>>>

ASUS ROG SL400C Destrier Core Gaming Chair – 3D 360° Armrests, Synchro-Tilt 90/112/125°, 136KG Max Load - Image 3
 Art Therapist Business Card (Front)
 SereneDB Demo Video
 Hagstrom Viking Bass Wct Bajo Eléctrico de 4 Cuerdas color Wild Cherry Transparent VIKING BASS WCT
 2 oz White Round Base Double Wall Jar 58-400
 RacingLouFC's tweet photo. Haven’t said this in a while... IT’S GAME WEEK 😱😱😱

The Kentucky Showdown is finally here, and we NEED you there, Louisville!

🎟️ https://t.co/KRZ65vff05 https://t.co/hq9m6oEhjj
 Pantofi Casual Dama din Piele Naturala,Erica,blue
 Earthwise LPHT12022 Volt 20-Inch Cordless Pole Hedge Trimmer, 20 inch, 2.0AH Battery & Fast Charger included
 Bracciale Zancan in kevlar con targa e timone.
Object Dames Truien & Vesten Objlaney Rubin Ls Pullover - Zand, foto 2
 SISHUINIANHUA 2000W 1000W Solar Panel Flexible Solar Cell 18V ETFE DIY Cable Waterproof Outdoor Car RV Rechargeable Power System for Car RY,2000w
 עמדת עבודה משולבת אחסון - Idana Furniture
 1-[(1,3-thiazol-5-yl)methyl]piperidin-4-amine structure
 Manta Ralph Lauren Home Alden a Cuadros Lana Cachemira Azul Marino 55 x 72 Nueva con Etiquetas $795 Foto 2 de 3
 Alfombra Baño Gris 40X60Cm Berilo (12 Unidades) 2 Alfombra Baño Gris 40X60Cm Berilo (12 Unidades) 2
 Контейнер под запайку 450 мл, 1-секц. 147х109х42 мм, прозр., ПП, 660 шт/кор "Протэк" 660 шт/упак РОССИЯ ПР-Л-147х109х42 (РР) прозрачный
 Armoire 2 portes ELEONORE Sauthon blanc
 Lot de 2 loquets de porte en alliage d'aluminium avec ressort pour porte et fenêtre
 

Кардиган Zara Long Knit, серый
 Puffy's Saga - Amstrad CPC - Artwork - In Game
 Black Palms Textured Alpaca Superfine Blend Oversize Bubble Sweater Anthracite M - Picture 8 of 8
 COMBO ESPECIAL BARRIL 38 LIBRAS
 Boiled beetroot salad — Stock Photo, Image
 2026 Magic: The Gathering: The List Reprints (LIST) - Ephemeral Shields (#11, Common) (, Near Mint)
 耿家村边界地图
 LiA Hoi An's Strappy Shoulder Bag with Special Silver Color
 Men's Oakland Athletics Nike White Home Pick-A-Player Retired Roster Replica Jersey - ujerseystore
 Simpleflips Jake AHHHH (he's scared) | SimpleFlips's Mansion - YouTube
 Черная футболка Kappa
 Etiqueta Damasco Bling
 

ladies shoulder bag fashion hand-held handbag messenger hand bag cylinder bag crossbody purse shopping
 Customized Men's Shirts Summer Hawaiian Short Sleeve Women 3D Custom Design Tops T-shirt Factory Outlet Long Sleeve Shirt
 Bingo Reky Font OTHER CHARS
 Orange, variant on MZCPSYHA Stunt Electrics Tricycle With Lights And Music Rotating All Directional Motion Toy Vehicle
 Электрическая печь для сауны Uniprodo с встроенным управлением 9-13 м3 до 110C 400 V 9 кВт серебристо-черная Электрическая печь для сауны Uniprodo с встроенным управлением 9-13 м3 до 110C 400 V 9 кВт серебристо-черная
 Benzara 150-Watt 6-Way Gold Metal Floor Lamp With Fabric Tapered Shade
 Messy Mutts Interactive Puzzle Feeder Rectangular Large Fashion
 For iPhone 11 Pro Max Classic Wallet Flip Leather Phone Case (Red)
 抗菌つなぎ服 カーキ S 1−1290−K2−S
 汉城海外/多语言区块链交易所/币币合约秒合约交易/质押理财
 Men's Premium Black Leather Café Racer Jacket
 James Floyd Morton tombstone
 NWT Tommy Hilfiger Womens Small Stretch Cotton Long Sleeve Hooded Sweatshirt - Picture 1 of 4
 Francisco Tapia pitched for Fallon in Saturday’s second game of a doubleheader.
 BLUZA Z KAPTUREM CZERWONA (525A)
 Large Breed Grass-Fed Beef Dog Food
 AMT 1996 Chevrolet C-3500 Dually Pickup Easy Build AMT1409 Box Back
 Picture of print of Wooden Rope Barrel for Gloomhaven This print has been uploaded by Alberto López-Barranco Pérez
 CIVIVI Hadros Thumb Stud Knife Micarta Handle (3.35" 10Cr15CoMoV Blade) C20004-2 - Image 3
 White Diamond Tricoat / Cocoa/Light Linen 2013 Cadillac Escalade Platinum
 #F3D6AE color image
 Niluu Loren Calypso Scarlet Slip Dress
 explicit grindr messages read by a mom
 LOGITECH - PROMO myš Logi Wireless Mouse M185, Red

<<<

Your assignment: Every entry, written out exactly, is what the response should contain.

Response to this task:
ASUS ROG SL400C Destrier Core Gaming Chair – 3D 360° Armrests, Synchro-Tilt 90/112/125°, 136KG Max Load - Image 3
 Art Therapist Business Card (Front)
 SereneDB Demo Video
 Hagstrom Viking Bass Wct Bajo Eléctrico de 4 Cuerdas color Wild Cherry Transparent VIKING BASS WCT
 2 oz White Round Base Double Wall Jar 58-400
 RacingLouFC's tweet photo. Haven’t said this in a while... IT’S GAME WEEK 😱😱😱

The Kentucky Showdown is finally here, and we NEED you there, Louisville!

🎟️ https://t.co/KRZ65vff05 https://t.co/hq9m6oEhjj
 Pantofi Casual Dama din Piele Naturala,Erica,blue
 Earthwise LPHT12022 Volt 20-Inch Cordless Pole Hedge Trimmer, 20 inch, 2.0AH Battery & Fast Charger included
 Bracciale Zancan in kevlar con targa e timone.
Object Dames Truien & Vesten Objlaney Rubin Ls Pullover - Zand, foto 2
 SISHUINIANHUA 2000W 1000W Solar Panel Flexible Solar Cell 18V ETFE DIY Cable Waterproof Outdoor Car RV Rechargeable Power System for Car RY,2000w
 עמדת עבודה משולבת אחסון - Idana Furniture
 1-[(1,3-thiazol-5-yl)methyl]piperidin-4-amine structure
 Manta Ralph Lauren Home Alden a Cuadros Lana Cachemira Azul Marino 55 x 72 Nueva con Etiquetas $795 Foto 2 de 3
 Alfombra Baño Gris 40X60Cm Berilo (12 Unidades) 2 Alfombra Baño Gris 40X60Cm Berilo (12 Unidades) 2
 Контейнер под запайку 450 мл, 1-секц. 147х109х42 мм, прозр., ПП, 660 шт/кор "Протэк" 660 шт/упак РОССИЯ ПР-Л-147х109х42 (РР) прозрачный
 Armoire 2 portes ELEONORE Sauthon blanc
 Lot de 2 loquets de porte en alliage d'aluminium avec ressort pour porte et fenêtre
 

Кардиган Zara Long Knit, серый
 Puffy's Saga - Amstrad CPC - Artwork - In Game
 Black Palms Textured Alpaca Superfine Blend Oversize Bubble Sweater Anthracite M - Picture 8 of 8
 COMBO ESPECIAL BARRIL 38 LIBRAS
 Boiled beetroot salad — Stock Photo, Image
 2026 Magic: The Gathering: The List Reprints (LIST) - Ephemeral Shields (#11, Common) (, Near Mint)
 耿家村边界地图
 LiA Hoi An's Strappy Shoulder Bag with Special Silver Color
 Men's Oakland Athletics Nike White Home Pick-A-Player Retired Roster Replica Jersey - ujerseystore
 Simpleflips Jake AHHHH (he's scared) | SimpleFlips's Mansion - YouTube
 Черная футболка Kappa
 Etiqueta Damasco Bling
 

ladies shoulder bag fashion hand-held handbag messenger hand bag cylinder bag crossbody purse shopping
 Customized Men's Shirts Summer Hawaiian Short Sleeve Women 3D Custom Design Tops T-shirt Factory Outlet Long Sleeve Shirt
 Bingo Reky Font OTHER CHARS
 Orange, variant on MZCPSYHA Stunt Electrics Tricycle With Lights And Music Rotating All Directional Motion Toy Vehicle
 Электрическая печь для сауны Uniprodo с встроенным управлением 9-13 м3 до 110C 400 V 9 кВт серебристо-черная Электрическая печь для сауны Uniprodo с встроенным управлением 9-13 м3 до 110C 400 V 9 кВт серебристо-черная
 Benzara 150-Watt 6-Way Gold Metal Floor Lamp With Fabric Tapered Shade
 Messy Mutts Interactive Puzzle Feeder Rectangular Large Fashion
 For iPhone 11 Pro Max Classic Wallet Flip Leather Phone Case (Red)
 抗菌つなぎ服 カーキ S 1−1290−K2−S
 汉城海外/多语言区块链交易所/币币合约秒合约交易/质押理财
 Men's Premium Black Leather Café Racer Jacket
 James Floyd Morton tombstone
 NWT Tommy Hilfiger Womens Small Stretch Cotton Long Sleeve Hooded Sweatshirt - Picture 1 of 4
 Francisco Tapia pitched for Fallon in Saturday’s second game of a doubleheader.
 BLUZA Z KAPTUREM CZERWONA (525A)
 Large Breed Grass-Fed Beef Dog Food
 AMT 1996 Chevrolet C-3500 Dually Pickup Easy Build AMT1409 Box Back
 Picture of print of Wooden Rope Barrel for Gloomhaven This print has been uploaded by Alberto López-Barranco Pérez
 CIVIVI Hadros Thumb Stud Knife Micarta Handle (3.35" 10Cr15CoMoV Blade) C20004-2 - Image 3
 White Diamond Tricoat / Cocoa/Light Linen 2013 Cadillac Escalade Platinum
 #F3D6AE color image
 Niluu Loren Calypso Scarlet Slip Dress
 explicit grindr messages read by a mom
 LOGITECH - PROMO myš Logi Wireless Mouse M185, Red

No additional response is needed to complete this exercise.